Figure 4Ward’s hierarchical clustering on predicted genomic values derived from traits simulated under purely additive (Ad), additive:dominance (Ad:Dom), additive:dominance:epistatic (Ad:Dom:Epi) and purely epistatic (Epi) gene action. Prediction models: Bayes A, Bayes B, Bayes C, Bayesian least absolute shrinkage and selector operator (BL), Bayesian ridge regression (BRR), elastic net (EN), genomic best linear unbiased prediction (GBLUP), Gaussian processor (GP), least absolute shrinkage and selector operator (LASSO), random forest (RF), reproducing kernel Hilbert spaces regression (RKHS), ridge regression best linear unbiased prediction (rrBLUP), relevance vector machine (RVM) and support vector machine (SVM).
Figure 5Boxplots of bias (regression coefficient of observed phenotypes on genomic estimated breeding values) obtained in the testing sets from a 20-fold cross validation using chicken data for body weight (BW), breast meat (BM) and hen-house production (HHP). Prediction models: Bayes A, Bayes B, Bayes C, Bayesian least absolute shrinkage and selector operator (BL), Bayesian ridge regression (BRR), elastic net (EN), genomic best linear unbiased prediction (GBLUP), Gaussian process (GP), least absolute shrinkage and selector operator (LASSO), random forest (RF), reproducing kernel Hilbert spaces regression (RKHS), ridge regression best linear unbiased prediction (rrBLUP), relevance vector machine (RVM) and support vector machine (SVM). Outliers are denoted as black dots.

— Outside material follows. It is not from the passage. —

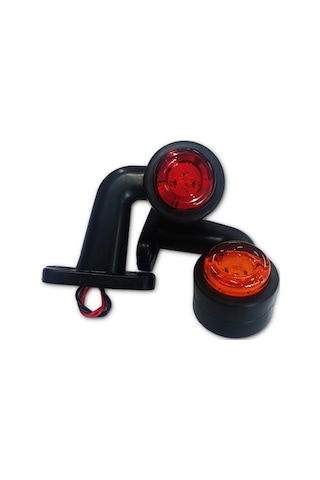 2 ADET ULTRA MİNİ EĞRİ TAKOZ 12 LEDLİ BOYNUZ TAKIM(SAĞ-SOL) 12V24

Average correlations between phenotypes and predicted breeding values obtained in the testing sets from a 20-fold cross validation using the chicken data for body weight (BW), breast meat (BM), and hen-house production (HHP).
| Models | Traits | ||
|---|---|---|---|
| BW | BM | HHP | |
| BayesA | 0.320 (0.023) | 0.195 (0.012) | 0.209 (0.017) |
| BayesB | 0.330 (0.034) | 0.196 (0.012) | 0.219 (0.017) |
| BayesC | 0.188 (0.023) | 0.190 (0.012) | 0.220 (0.017) |
| BL | 0.196 (0.023) | 0.188 (0.012) | 0.186 (0.016) |
| BRR | 0.190 (0.024) | 0.176 (0.011) | 0.247 (0.018) |
| EN | 0.249 (0.027) | 0.198 (0.015) | 0.231 (0.019) |
| GBLUP | 0.192 (0.021) | 0.268 (0.009) | 0.221 (0.017) |
| GP | 0.178 (0.023) | 0.140 (0.011) | 0.227 (0.017) |
| LASSO | 0.284 (0.019) | 0.201 (0.015) | 0.176 (0.010) |
| RKHS | 0.191 (0.018) | 0.206 (0.009) | 0.219 (0.016) |
| rrBLUP | 0.175 (0.016) | 0.169 (0.010) | 0.236 (0.015) |
| RVM | 0.185 (0.026) | 0.159 (0.024) | 0.196 (0.015) |
| SVM | 0.172 (0.024) | 0.161 (0.018) | 0.202 (0.017) |
Prediction models: BayesA, BayesB, BayesC, Bayesian least absolute shrinkage and selector operator (BL), Bayesian ridge regression (BRR), elastic net (EN), genomic best linear unbiased prediction (GBLUP), Gaussian processor (GP), least absolute shrinkage and selector operator (LASSO), reproducing kernel Hilbert spaces regression (RKHS), ridge regression best linear unbiased prediction (rrBLUP), relevance vector machine (RVM), and support vector machine (SVM).